Interesting stuff. Haven't had a go at this yet (I will do soon) but in the meantime, do you know any way of INSERTing data into Azure table Storage using Hive?
Hi Jamie - thanks for your interest. Hive extensibility does allow INSERT into externally stored data like this, but unfortunately it's still a TODO in the Azure tables code I wrote up so it won't work with that (and I don't personally know of others who implemented INSERT functionality). Hopefully I'll get around to implementing it soon, but if you feel up to it feel free to dig in, code it up and send a pull request.
Cool, thank you Mostafa.
This is really an interesting article. Just wondering how HDInsight team adds the support of Azure Storage to HIVE. Is it also through Storage Handler?
@Justin: Thank you! Azure Blob Storage is exposed as a file system within Hadoop, so Hive can just use it like it uses any other Hadoop file system. See this article for details on how it works: azure.microsoft.com/.../hdinsight-use-blob-storage
I have been having some difficulty setting this up to query my Azure Table. I keep getting: HiveException: Error in loading storage handler.com.microsoft.hadoop.azure.hive.AzureTableHiveStorageHandler
I set up a new HDInsight Cluster (2.2), got the GIT code and Packaged it. It created the: microsoft-hadoop-azure-0.0.2.jar
I then copied this JAR file everywhere in my shared blob storage for Hive.

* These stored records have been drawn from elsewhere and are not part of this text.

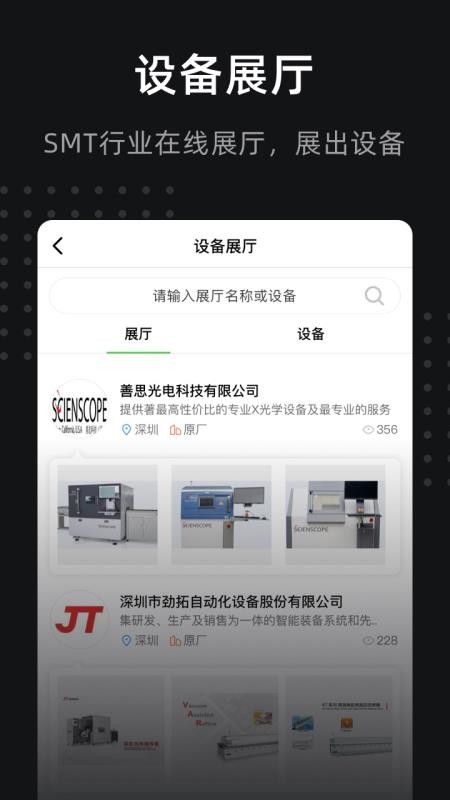 51SMTֻapp-51SMT v2.0.4 ׿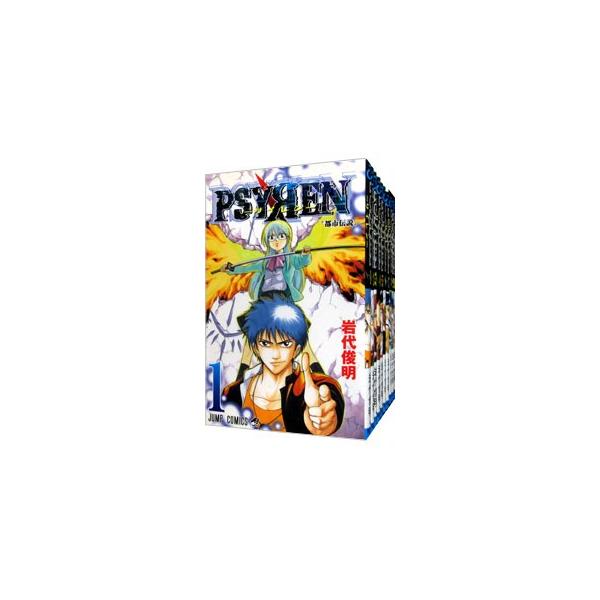 集英社（SHUEISHA） PSYREN−サイレン− （全16巻セット）／岩代俊明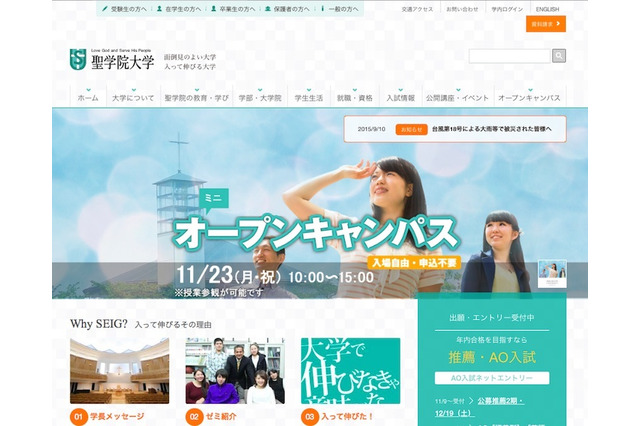 高校・指導用小論文対策冊子が中学生に人気…聖学院大が無料配布 画像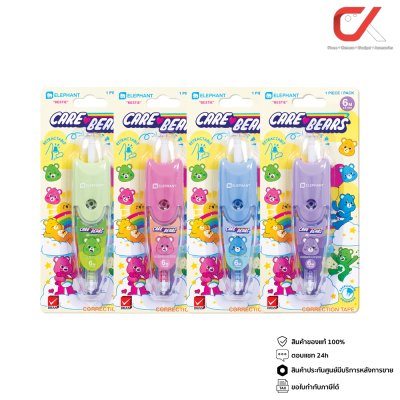Elephant Care Bears Bestie เทปลบคำผิด 6M X 5mm คละสี คละลาย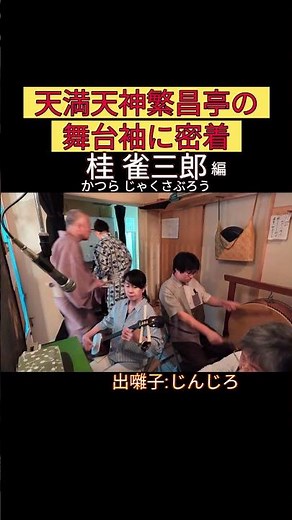 出番です！桂雀三郎編 #出囃子 #じんじろ #上方落語 #天満天神繁昌亭 #お笑い #繁昌亭 #落語 #寄席 #三味線 #桂雀三郎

I then remote to the Azure HDInsight Cluster server. Copied the JAR file to the local file server in Azure and modified the hive-site.xml file to add the file path property reference. (But I don't know how to restart hive to pick up these settings?)
Any help in figuring out why Hive can't find the JAR?

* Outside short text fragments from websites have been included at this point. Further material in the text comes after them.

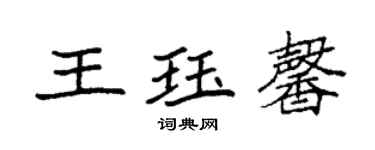 袁強王珏馨楷書個性簽名怎么寫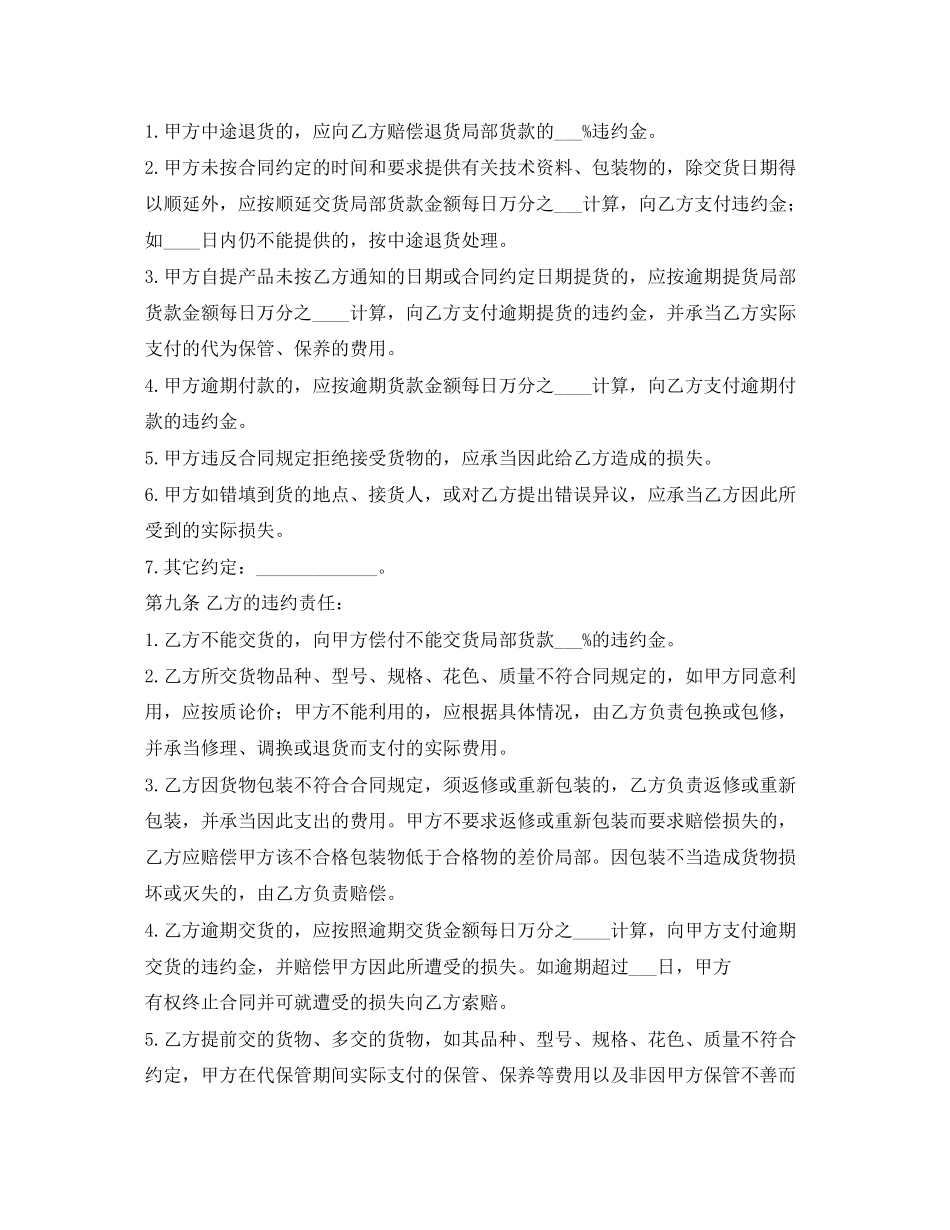 2023年买卖合同样本.docx_第3页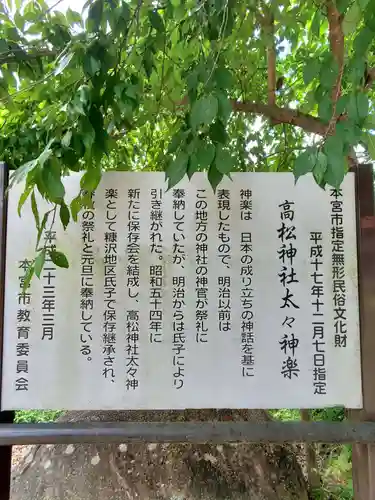 高松神社(福島県)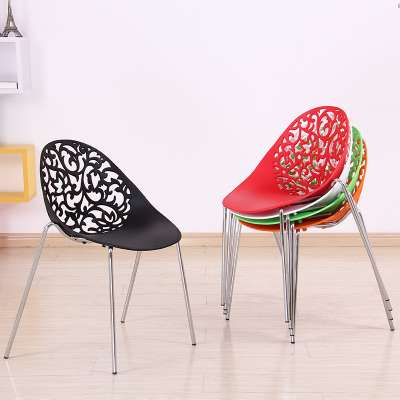 Cheap flower hollow back pp plastic color red dining chair with metal leg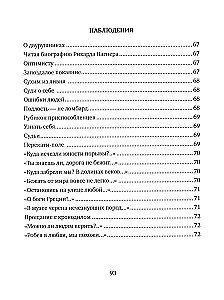 Cilvēka dzīve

I haven't even touched this yet, but great article to get my head around HDInsight and its place with Azure tables (I actually understand this one).
works well with hdinsight 3.0 but not working with hdinsight 3.1
JVM throw method not found on entitypropertity inspector
@Tom: this is probably because I've since updated the project to HDI 3.0 (and now to HDI 3.1, see my response to Huan below)...
@Huan: thanks for pointing it out! It turns out there were some minor API breaking changes between Hive 0.12 (in HDI 3.0) and Hive 0.13 (in HDI 3.1). I've updated my code to comply with the latest changes, and created a tag in git, Hive12, for anyone who wants the HDI 3.0 version. I'll update the post to reflect all that...
Thank you so much, this worked great. I was using 3.0 HDINsight, and I didn't notice a tag or a branch for it like you mentioned, but I was able to get the code at a specific version and compile it and go
how hard would it be to add in support for having the paritionkey and rowkey in the external table as well? currently only properties are able to be in the external table.
@rob: glad it worked for you. Adding the PartitionKey and RowKey was pretty easy so I added it (commit d57064e). Please sync to the newer version and try it out - or if you want it on the older HDInsight versions just diff that commit and apply it to the older version.
Nice article :)
Just curious to know how much difference we see in terms of performance while reading data from blob storage(assuming its written in delimited compressed format) vs azure table storage? As in case of blob storage, we are reading a file system but with table storage handler, we are still reading 1000 records in one call and will be receiving complete data using continuation token. It may affect the data read performance?